Circuit Depth Reduction of One-Ancilla Quantum Differential Equation Solver via Extrapolation
Abstract
Solving linear differential equations is a fundamental task in scientific computing and an important primitive for quantum computing.
A recent one-ancilla quantum differential equation solver provides a hardware-friendly and locality-preserving approach with provable performance guarantees, making it highly suitable for the early fault-tolerant and near-term regimes.
Its simple circuit structure comes with a natural trade-off: the maximum single-run circuit depth scales as $O (1/\epsilon)$ in the target accuracy $\epsilon$.

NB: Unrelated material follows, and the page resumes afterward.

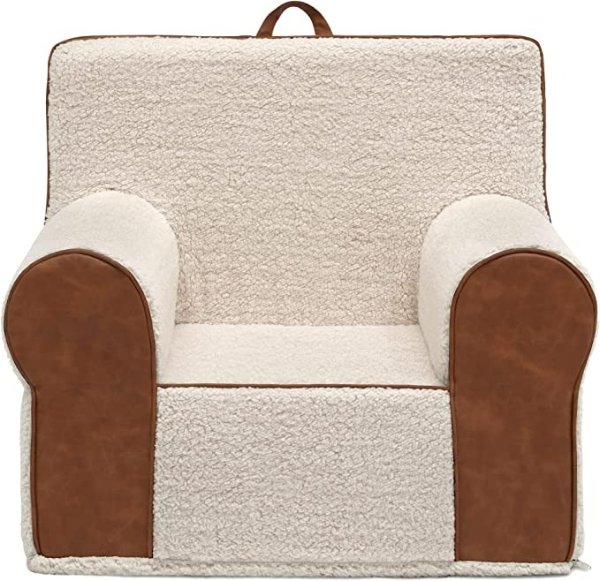 Deluxe Cozee Sherpa Chair for Kids, Cream Sherpa/Faux Leather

In this work, we reduce this depth by combining the solver with classical step-size postprocessing.
By running the one-ancilla solver at a logarithmic number of finite time step sizes and using classical post-processing to cancel leading discretization errors, we reduce the maximum single-run circuit depth to $O(\mathrm{polylog}(1/\epsilon))$ without adding quantum ancillae or sacrificing locality.

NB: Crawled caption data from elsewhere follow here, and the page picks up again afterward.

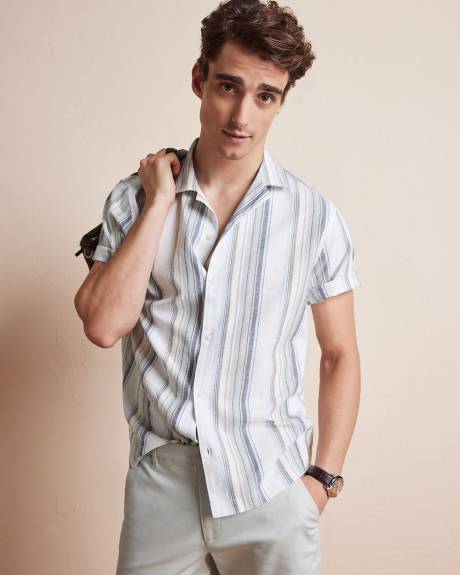 Short-Sleeve Striped Shirt with Camp Collar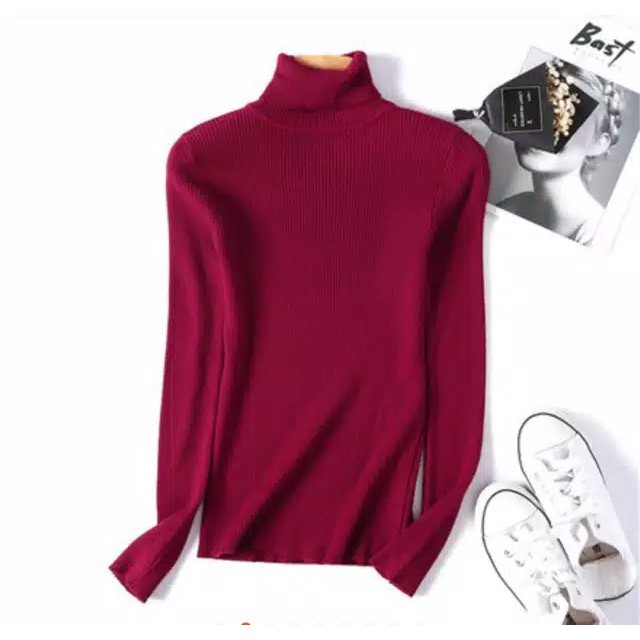 Pretty turtleneck atasan rajut wanita -NGROS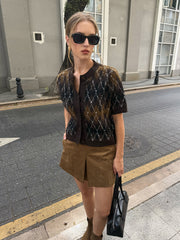 Argyle Pattern Short Sleeve Knit Cardigan
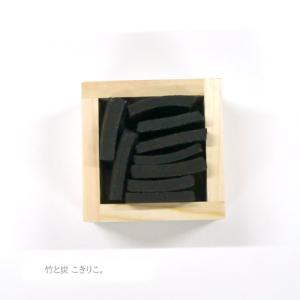 【輝き枡】小/ひのき一合枡+竹炭5cm 〜 竹...の詳細画像1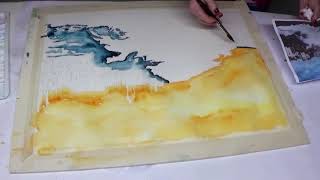 Mareggiataa Polignano  watercolor live tutorial [upl. by Naz]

Technically, extending extrapolation ideas beyond Hamiltonian and Lindbladian dynamics requires regularity estimates for observable maps under nonunitary evolution, which we obtain through a holomorphic extension of the adjoint evolution.
Numerical experiments on the Hatano-Nelson model (ODE) and the convection-diffusion equation (PDE) demonstrate the effectiveness of the approach.